*Description of the task*: Within the records that follow, restate exactly the lines from the line with "Koniecznie chcieli się" down to the line with "Photo of 20379", including both. Omit the pictures.

Brief descriptive captions:
•••

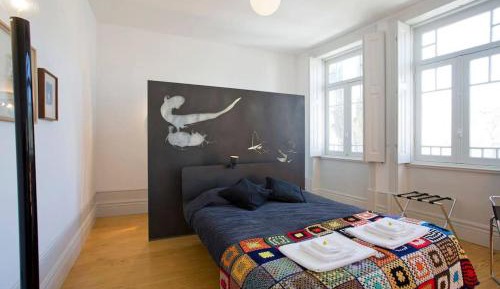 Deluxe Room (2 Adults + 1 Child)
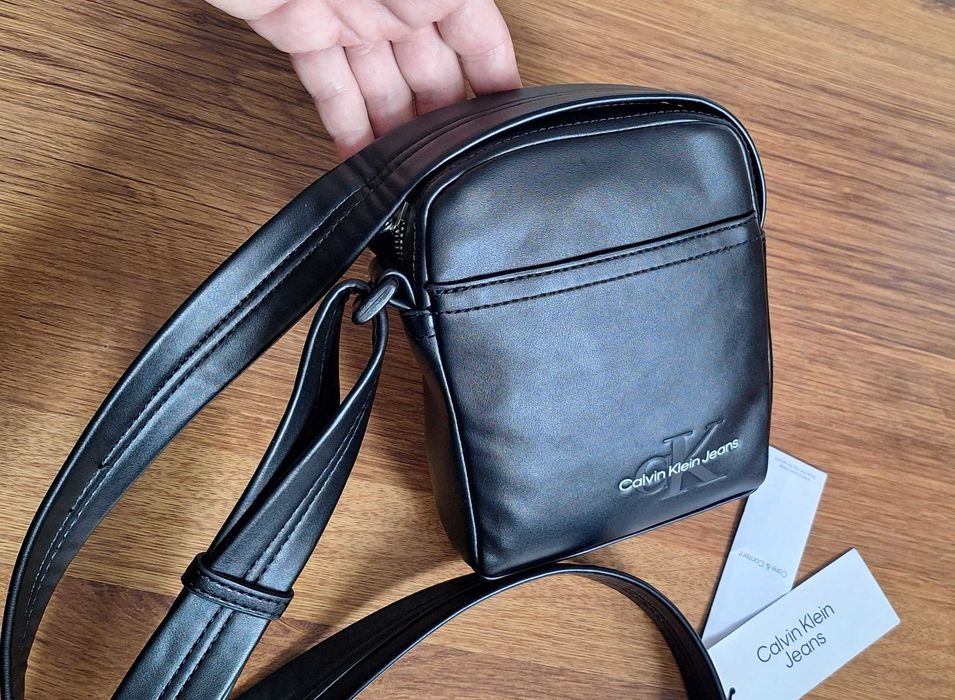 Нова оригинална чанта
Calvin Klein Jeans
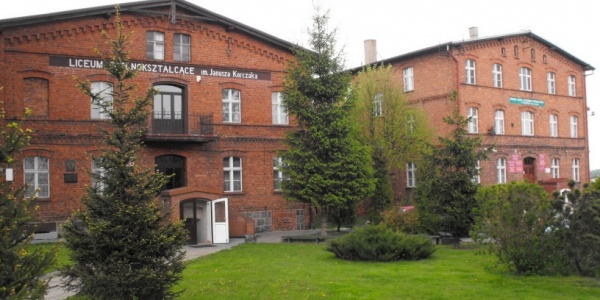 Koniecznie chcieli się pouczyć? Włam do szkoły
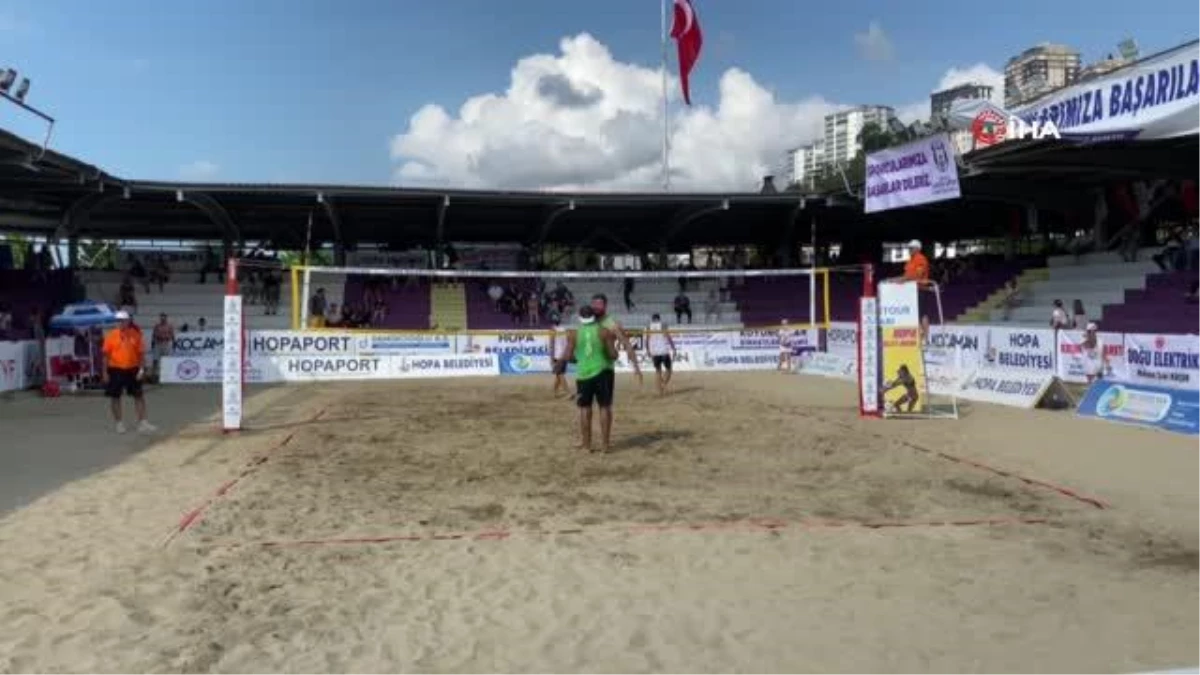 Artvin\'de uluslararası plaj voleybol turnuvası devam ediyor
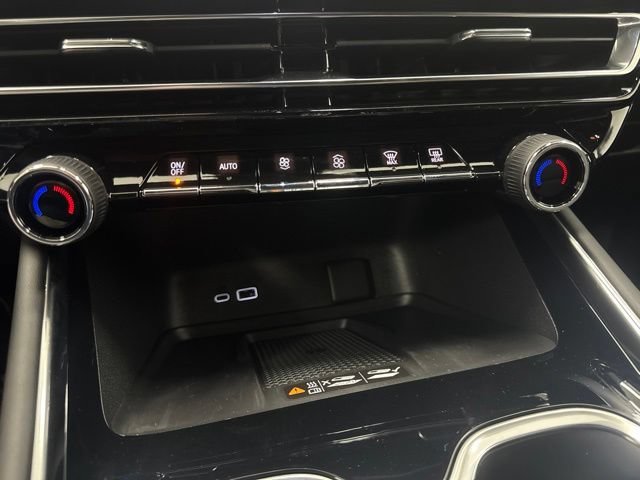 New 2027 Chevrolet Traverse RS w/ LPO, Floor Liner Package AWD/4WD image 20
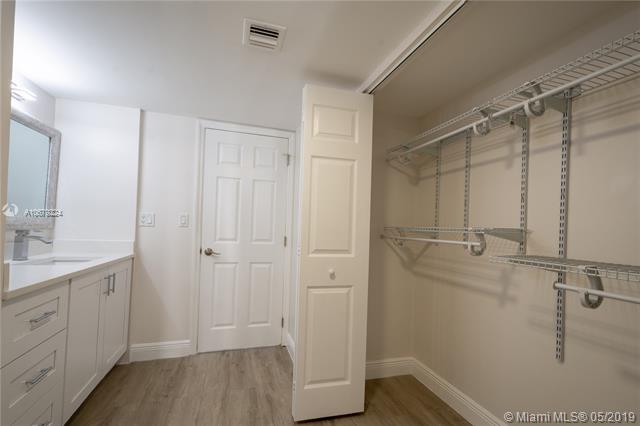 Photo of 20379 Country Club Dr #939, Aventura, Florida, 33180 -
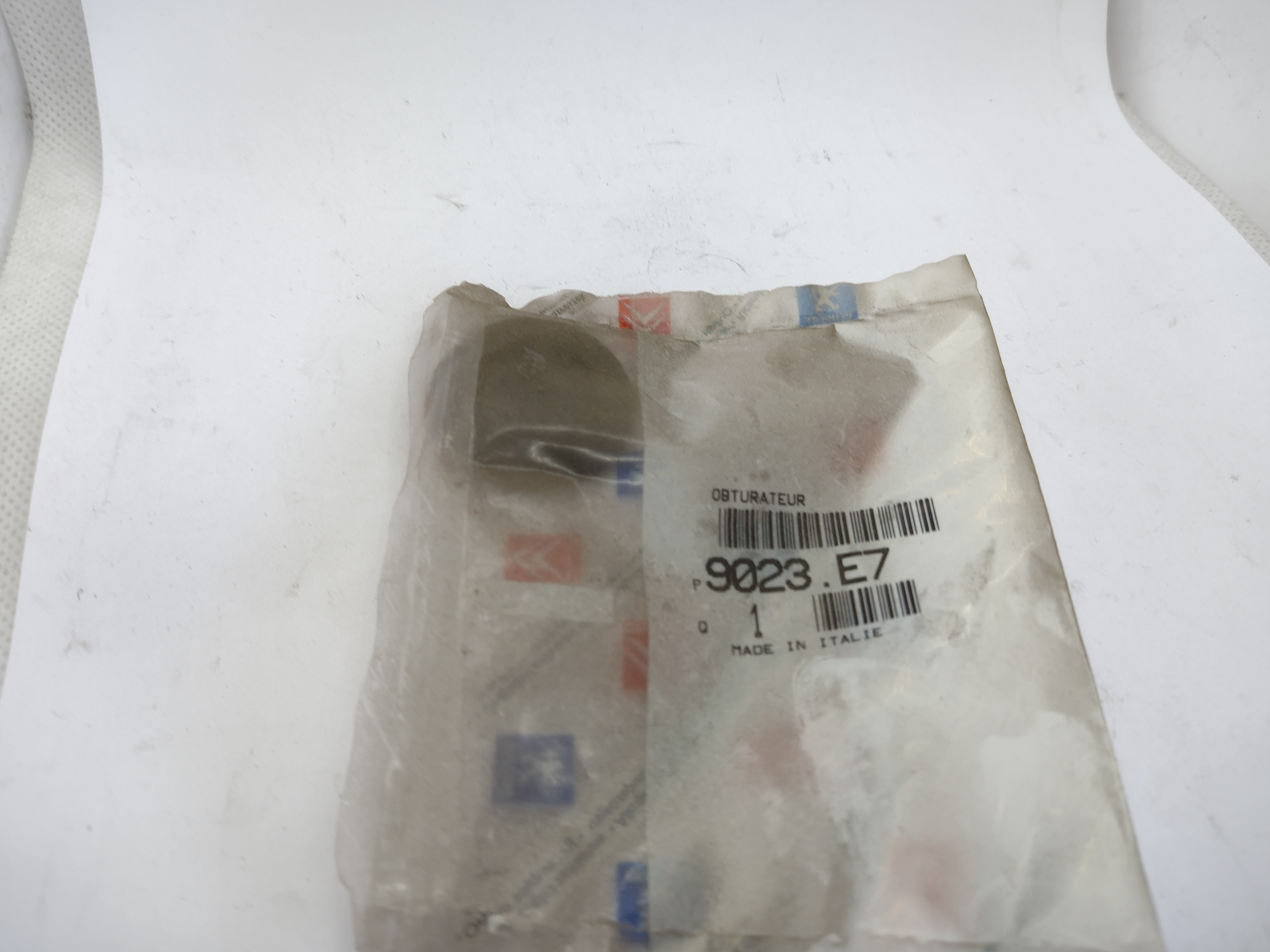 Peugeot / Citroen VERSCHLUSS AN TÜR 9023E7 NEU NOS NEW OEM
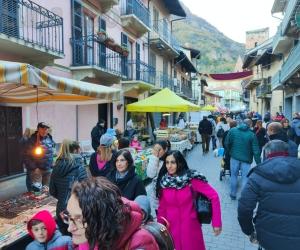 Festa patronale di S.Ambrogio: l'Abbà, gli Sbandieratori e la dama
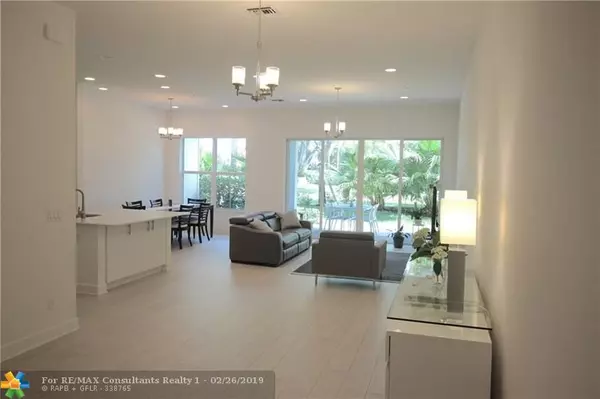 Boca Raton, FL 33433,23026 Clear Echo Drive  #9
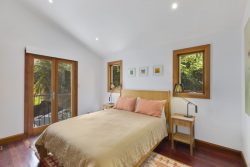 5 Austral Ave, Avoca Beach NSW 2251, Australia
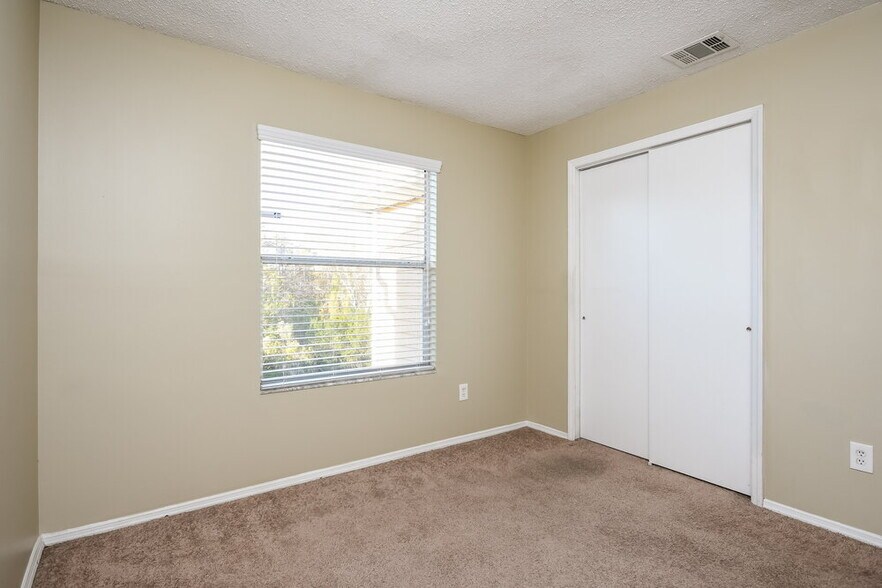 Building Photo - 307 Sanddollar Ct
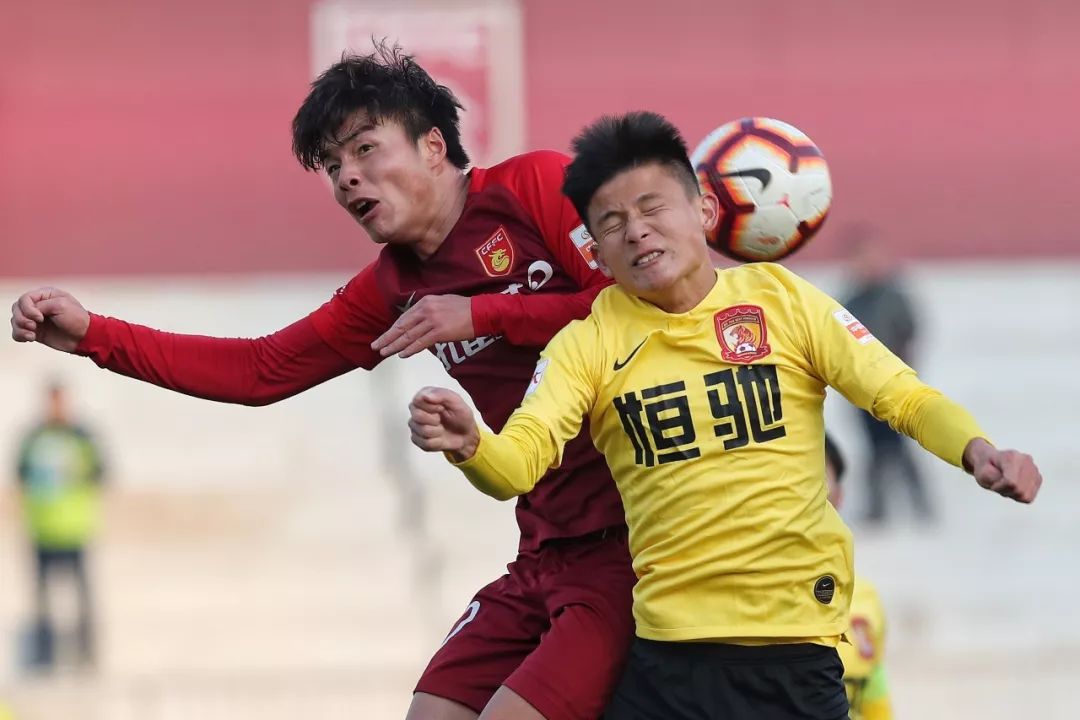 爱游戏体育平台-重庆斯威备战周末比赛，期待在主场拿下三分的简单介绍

•••

*Reply*:
 Koniecznie chcieli się pouczyć? Włam do szkoły
 Artvin\'de uluslararası plaj voleybol turnuvası devam ediyor
 New 2027 Chevrolet Traverse RS w/ LPO, Floor Liner Package AWD/4WD image 20
 Photo of 20379 Country Club Dr #939, Aventura, Florida, 33180 -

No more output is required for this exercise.